> Recorded information
****

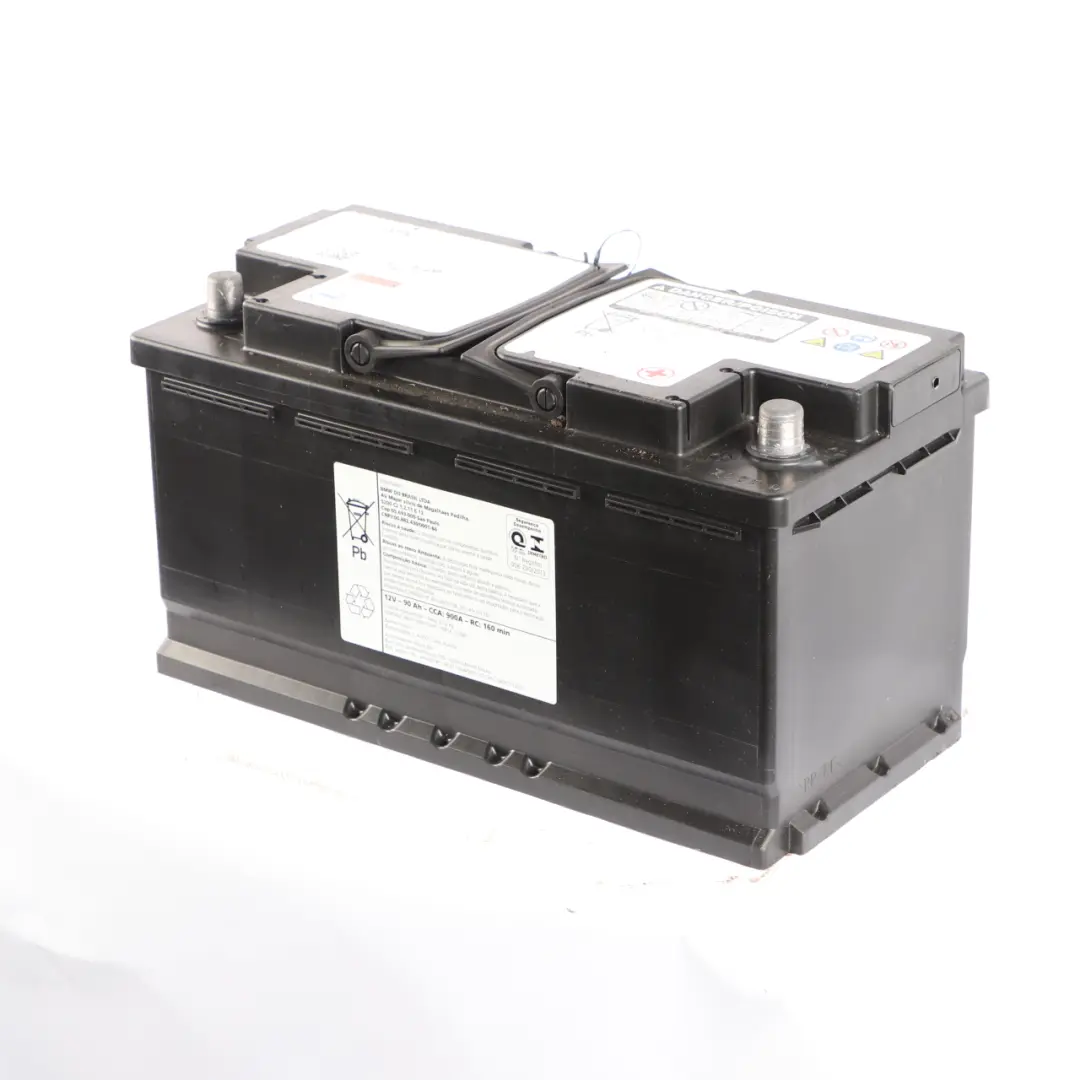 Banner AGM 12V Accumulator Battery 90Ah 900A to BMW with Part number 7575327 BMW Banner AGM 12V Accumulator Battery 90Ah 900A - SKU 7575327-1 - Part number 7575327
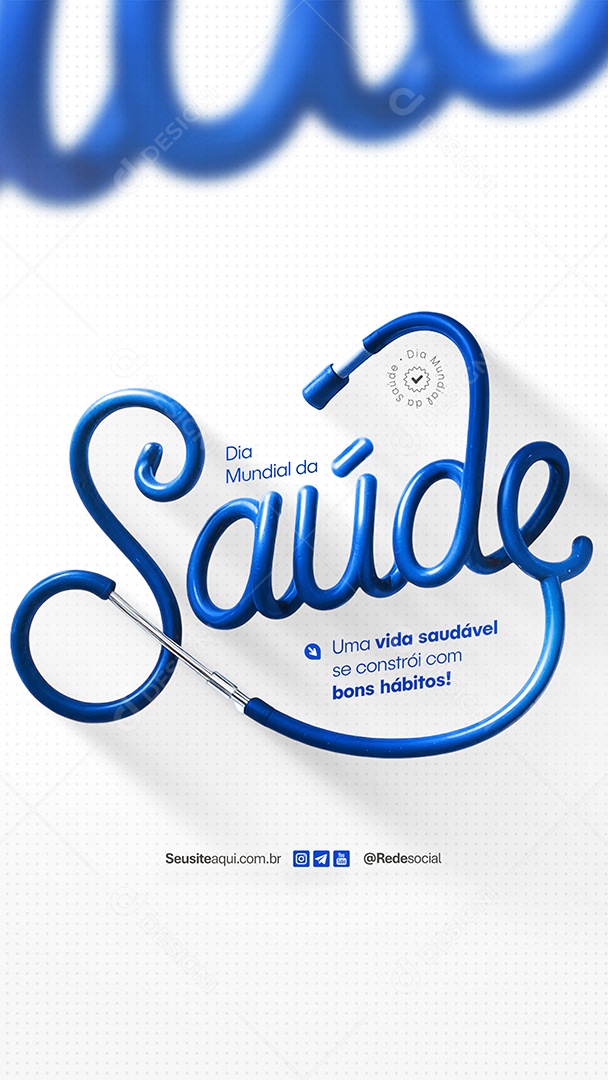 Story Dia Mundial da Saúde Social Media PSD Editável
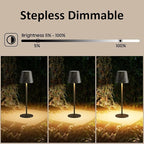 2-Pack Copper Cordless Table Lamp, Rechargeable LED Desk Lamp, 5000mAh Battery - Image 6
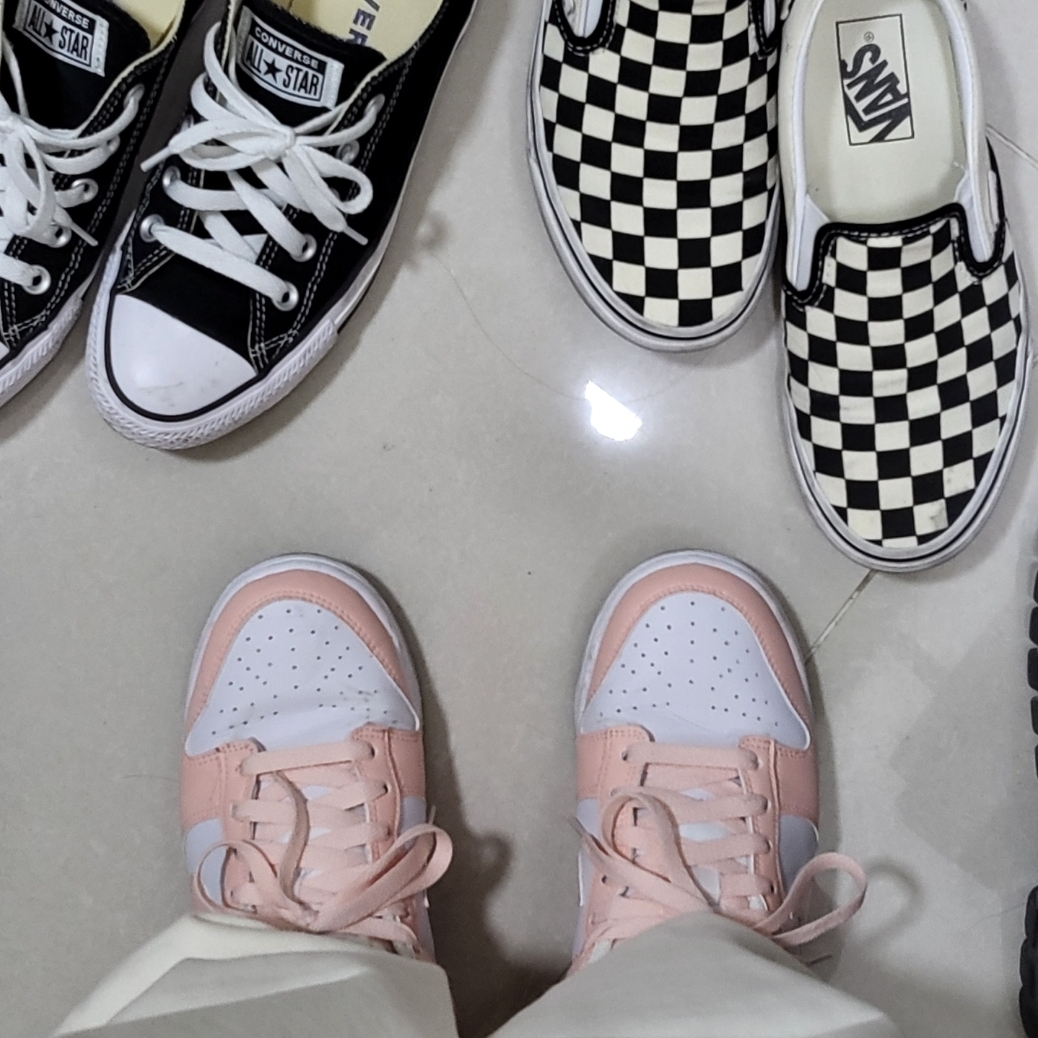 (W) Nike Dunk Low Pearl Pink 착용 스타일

****

> Work order
Retype the data above exactly. Leave the pictures out.

> Written response
 Banner AGM 12V Accumulator Battery 90Ah 900A to BMW with Part number 7575327 BMW Banner AGM 12V Accumulator Battery 90Ah 900A - SKU 7575327-1 - Part number 7575327
 Story Dia Mundial da Saúde Social Media PSD Editável
 2-Pack Copper Cordless Table Lamp, Rechargeable LED Desk Lamp, 5000mAh Battery - Image 6
 (W) Nike Dunk Low Pearl Pink 착용 스타일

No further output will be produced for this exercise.